Gregory agreed with Plumlee that the attorney-client relationship had deteriorated to the point where the defendant had no faith in him or his office and would not cooperate. Requiring that the representation continue, Gregory said, would be equivalent to having no representation at all.
Lane denied the request and told Plumlee that he could either proceed with Gregory or represent himself, and Plumlee chose to do the latter.
After the Nevada Supreme Court affirmed the conviction, saying Plumlee “never showed adequate cause justifying appointment of new counsel,” Plumlee brought a habeas corpus petition in state court. At an evidentiary hearing, Lane said he thought Allison was “out of line” and “unprofessional” and that O’Neill was “unethical” and created an appearance of impropriety by discussing the case with a suspect while her office was representing Plumlee.
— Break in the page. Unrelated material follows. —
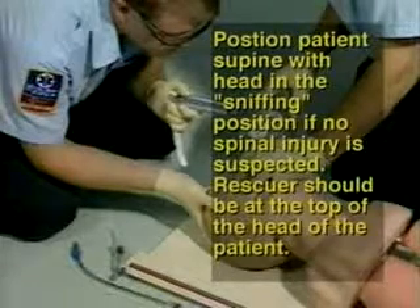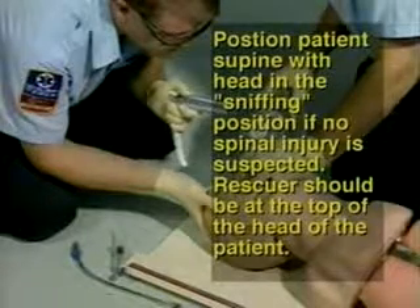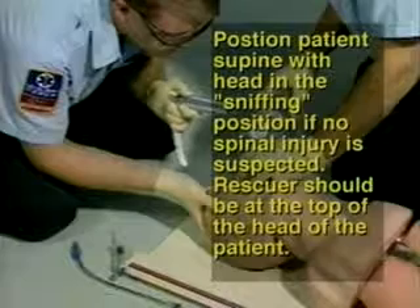Step 7: Position the patient supine with the head in the sniffing position, slightly flexed, if no spinal injury is suspected.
But after Allison testified that he had not lied to misled the defendant and had not made improper use of anything he learned while representing him, and O’Neill testified she had not disclosed confidential information to her friend, Lane found both of them to be credible. While he also found that Plumlee truly mistrusted the Public Defender’s Office, he ruled that the Nevada high court decision on the issue precluded habeas corpus relief.
Fletcher, however, in her opinion for the Ninth Circuit, said that under the unusual circumstances of the case, Plumlee reasonably perceived that he had been betrayed and was “constructively deprived...of any meaningful representation as the Supreme Court has understood that term.”
Bea, dissenting said the ruling “bodes ill for our criminal justice system.”
He wrote that “[i]t will encourage criminal defendants to imagine a slew of conspiracies between their appointed counsel, the prosecution, or even the trial courts,” adding that defendants can claim an “objectively reasonable belief” in their suspicions even though they lack any proof.
The majority is “fashioning a new, unworkable rule which raises to constitutional dimensions a defendant’s unfounded suspicions and refusal to cooperate with his appointed attorneys,” Bea wrote.
Fletcher rejected Bea’s “dire predictions,” explaining that she and Thomas did not necessarily believe that Plumlee’s lawyers betrayed him, but were convinced that he believed it and that the perception was reasonable “in this unusual case.”
“The dissent also mischaracterizes our opinion as suggesting that a defendant’s
beliefs alone entitle him to new counsel. We have said nothing of the kind. What entitled Plumlee to new counsel was not the fact of Plumlee’s suspicions themselves (however reasonable) but the irreconcilable conflict these suspicions engendered.”
The case is Plumlee v. Del Papa, 04-15101.